Mogren Plajı ve Balerin heykeli
Budva şehir surlarının devasa taş kapılarından birini açarak da varabileceğiniz, şehrin kocaman ve güzel plajı. Kilisenin çanları çalarken, sırtınızı, gölgesinden faydalandığınız kalenin surlarına dayayıp, Adriyatik’in ferahlatan sularında yüzüp bu büyülü atmosferin keyfine varın. Sezon dışında gittiyseniz bile mutlaka bu sahilde bir yürüyüş yapın, içecek ve hatta yiyecek bir şeyler alıp günbatımının tadını çıkarın. Sahil yürüyüşü sırasında Balerin heykelini göreceksiniz, denizci sevgilisini bekleyen balerinin anısına dikildiği söyleniyor, bugün şehrin simgelerinden biri olarak kabul görüyor.
Perast
Kotor kent merkezine 12 km mesafede yer alan Perast, dar bir sahil şeridi ve gerisinde denize dik yamaçlara kurulu taş binalarıyla tam sokaklarında kaybolmalık bir kasaba. Sadece körfezin değil tüm Karadağ’ın en şirin ve masalsı yerleşimi olan kasaba Venedik etkisi altındayken denizcilik alanında oldukça etkiliymiş. Perast’ın silüetine imzasını atan yapı, şüphesiz. devasa çan kulesiyle şehir meydanındaki Aziz Nicholas Kilisesi; içeri girip kuleye çıkabilirsiniz. Küçük bir plajı var, buradan denize girebilirsiniz, ancak Temmuz ve Ağustos gibi turist yoğunluğu artan bir dönemde gidiyorsanız yer bulamayabilirsiniz. Burada konaklayıp manzaranın tadını çıkartmak da mümkün ama tek bir şartla: Sükuneti gerçekten seviyorsanız…
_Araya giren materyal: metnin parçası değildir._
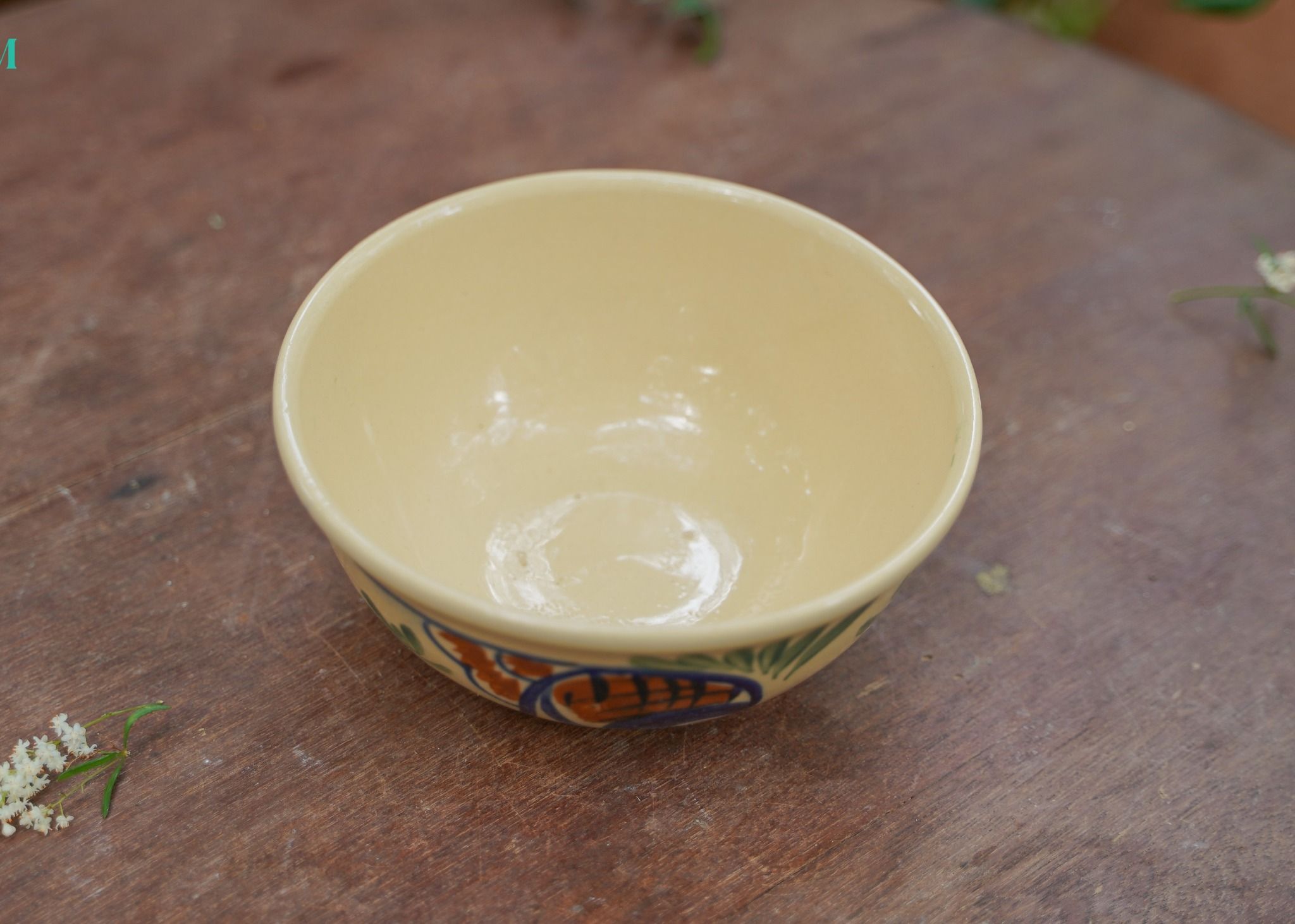 Tô cơm nhỏ vẽ cá viền xanh, chén bát Lái Thiêu, R14xC6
Kayaların Leydisi (Lady of The Rocks)
Perast kasabasından tekneyle ulaşabileceğiniz iki minik ada bulunuyor. Biri üzerinde manastır bulunan doğal bir ada: Sveti Djordje. Diğeri ise yapay bir ada olan Kayaların Leydisi. Hikayesi şu; 15. yüzyılda bir denizci burada bir Meryem Ana ikonası bulmuş, sonrasında seferden sağ salim dönen her denizci için buraya taş atılmış, zamanla da bugün müze olarak ziyaret edilebilin kilise eklenmiş. Körfezin en çok fotoğraf çekilen noktalarından biri.
Sveti Stefan
Budva’ya yakın Sveti Stefan, etrafı surlarla çevrili, dar bir köprücük ile karaya bağlanan oldukça küçük bir yarımada. Yugoslavya’nın dağılmasından önce öyle ihtişamlı bir yer ki, dönemin jet sosyetesi hep burada konaklamış; Sophia Loren, Marilyn Monroe, Orson Welles, kimler kimler…
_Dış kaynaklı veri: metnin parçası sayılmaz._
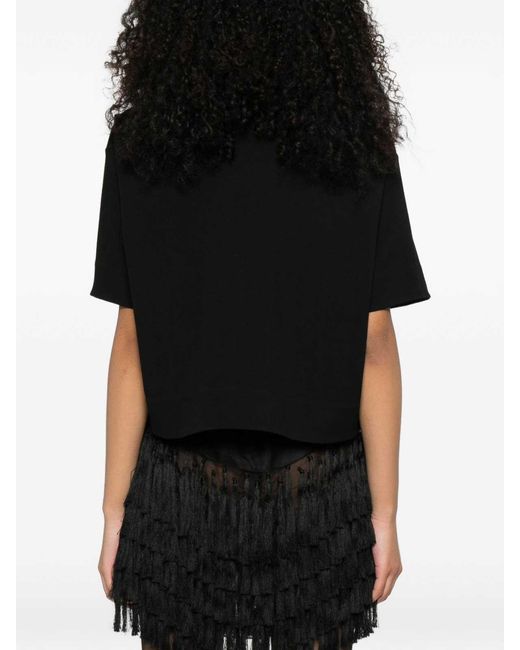 Jil Sander Black Cropped Polo Shirt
Bugün bu yarımada, bir otel tarafından işletiliyor ve özel mülk statüsünde. Dolayısıyla yalnızca otel konuklarının ziyaretine açık. Ama etrafında İtalyan Rivierası havası taşıyan kasabadan ev kiralayıp konaklayabilir ya da günübirlik plajlara girip denizin tadını çıkarabilirsiniz.
Porto Montenegro
Buraya kadar gördüğümüz yerler arasında en lüks mekanlara ev sahipliği yapan, körfezin yeni gözde yerinin Tivat şehrindeki “Porto Montenegro” olduğunu söyleyebiliriz. Eğer turizm anlayışınıza ve elbette bütçenize de uyuyorsa Karadağ’ın ve hatta Adriyatik'in en lüks yat marinalarından biri olan Porto Montenegro’yu görebilirsiniz. Yat turizmi ile doğru orantılı olarak, limanda pek çok lüks mağaza da yer alıyor. Burada birbirinden şaşaalı yatlara bakarken, şık restoranlardan birinde güzel bir akşam yemeği yiyebilir, Avrupa’nın sayılı markalarının ürünlerine bakıp alışveriş yapabilir ya da keyfinize göre gece kulüplerinden birinde eğlenceli zaman geçirebilirsiniz.
Dobrota
Tevazu kelimesine karşılık gelen bir tatil beldesi ararsanız orası Dobrota. Bu küçük ve şirin yerleşim, Kotor'dan Perast'a doğru giderken dikkatinizi çekecektir. Şehirdeki turist kalabalığından uzakta durmak isterseniz burada konaklayabilir, buradan denize girebilir, güzel restoranlar bulabilir, gün batımını izleyebilirsiniz.